Phase 07 // Course Syllabus Chapter

Macroeconomics 101: Central Banks & Interest Rates.

Part of our masterclass path. We systematically cover risk, logic, and mechanics to build professional edge.

Edge Tier Access 25 min read / 15 min video
01_Curriculum_Brief

What is covered in this chapter

The Engine of Exchange Rates

Interest rates are the single most powerful driver of currency values in the global financial markets. Central banks—such as the Federal Reserve (Fed), the Bank of England (BoE), and the European Central Bank (ECB)—manipulate interest rates to control inflation and stabilize economic growth.

Key Concept: Capital flows toward yield. When a central bank raises its benchmark interest rate, deposits denominated in that currency earn higher interest. Foreign investors buy that currency to capture the higher yield, driving demand and causing the currency to appreciate.

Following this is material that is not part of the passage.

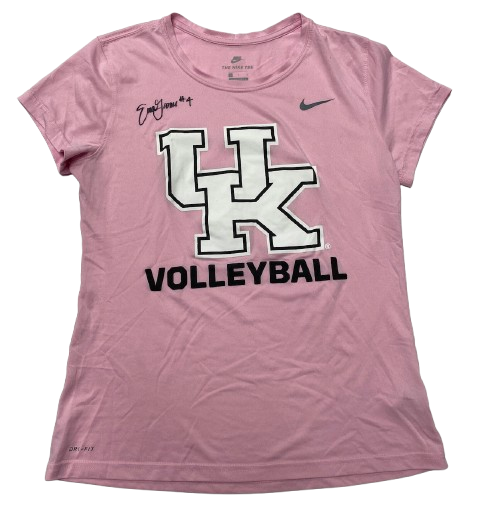Emma Grome Kentucky Volleyball SIGNED Player Exclusive Workout Shirt (Size L)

The Mandate of Central Banks

Central banks operate under a dual mandate: stable prices (controlling inflation, usually targeted at 2%) and maximum sustainable employment. Their policy tools include:

  • Interest Rate Policy: Adjusting lending rates to expand or contract economic borrowing.
  • Quantitative Easing/Tightening (QE/QT): Buying or selling government debt to inject or drain liquidity from the banking system.
  • Forward Guidance: Using speeches and reports to prepare the market for future policy adjustments.